Kate Fruchey
Cryptacize channel quietude in noisy Manhattan
March 22, 2008, at Knitting Factory
By Katy Henriksen
Published: March 24th, 2008 | 9:50pm
Cryptacize, whose debut recording Dig That Treasure (Asthmatic Kitty) was released earlier this month, revel in the silence between notes. Their experimental hybrid style — spanning musicals,1960s garage rock, noise bands, and an extended list too numerous to name — may be chaotic, but there’s also the constant presence of quietude.

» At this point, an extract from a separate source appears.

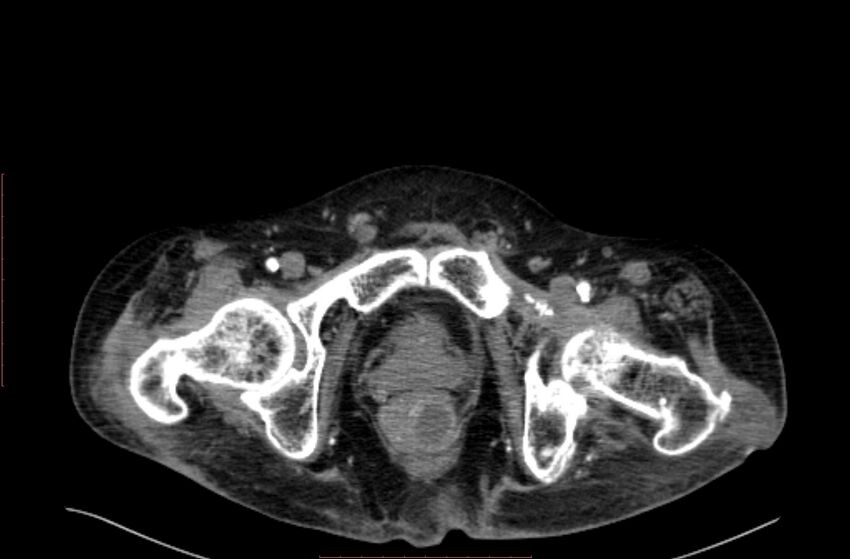 Abdominal aortic interposition tube graft and aneurysm thrombosis (Radiopaedia 71438-81857 Axial C+ arterial phase 244).jpg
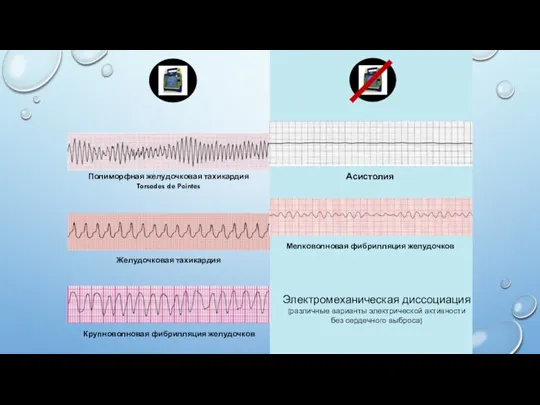Электромеханическая диссоциация (различные варианты электрической активности без сердечного выброса)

Sandwiched between the more danceable, beat-driven sets by Son Lux and Panther, the Knitting Factory crowd, who’d most likely purchased tickets to see closing act Why?, wasn’t really paying enough attention. Although Nedelle Torrisi (vocals, guitar, autoharp), Chris Cohen (vocals, guitar), and Michael Carreira (percussion), took the stage at about 9:45 p.m., the small venue was already jam-packed.
They started their short set out with “Say You Will,” coincidentally the last track of Treasure. Torrisi’s vocals shone clear, high, and bright as she strummed the autoharp in her lap. A breezy song of just more than two-and-a-half minutes with time shifts and key changes — both of which Cryptacize revel in — there were moments of jangle and whimsy. When Torrisi chimed, “Don’t be shy, look to the sky” in a cappella, the club should have been silenced. Instead, crowd chatter continued.

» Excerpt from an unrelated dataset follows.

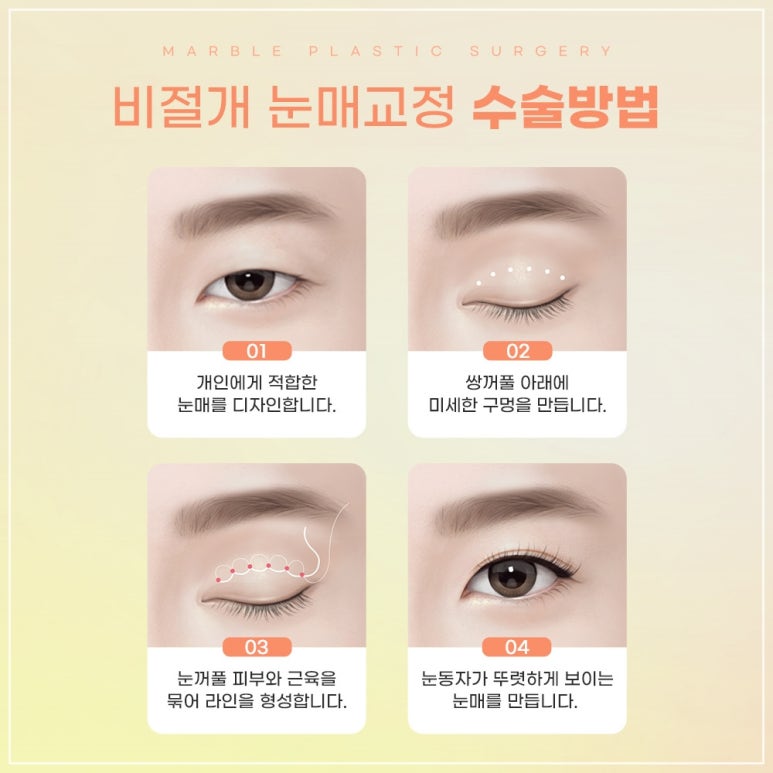 눈매교정 수술, 꼭 필요한가? 관련 이미지 8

That’s definitely a shame, because the band performed much of its idiosyncratic album seamlessly. The three were completely in sync and performed their musical acrobatics effortlessly. Whenever they brought out the fermata, which happened to be quite often, there was no hesitation as to when to suddenly pause or jump back into the sounds. The spellbinding song “Stop Watch” — which begins with a little low, rumbling, Velvet Underground–sounding guitar fading in and out against a shimmering autoharp, rapid triangle chiming, and guitar strumming slow bass notes — builds toward a simple upward mini-duet sung between Torrisi and Cohen.
Cryptacize closed the seven-song set with “Heaven is Human,” which began with a Deerhoof-like jangle (Cohen was a member of the band for a while). This cacophony dropped out to let Torrisi’s melodic vocals linger. But the noisy guitar never quite disappeared and instead punctured the song throughout, creating a catchy and boppy space-age ditty punctuated by artful percussion.
I could’ve listened to them play all 11 tracks of Treasure, but they had to leave the stage to keep on schedule for the over-billed evening. Besides, the not-always-listening crowd cut in to the band’s masterful command of silence.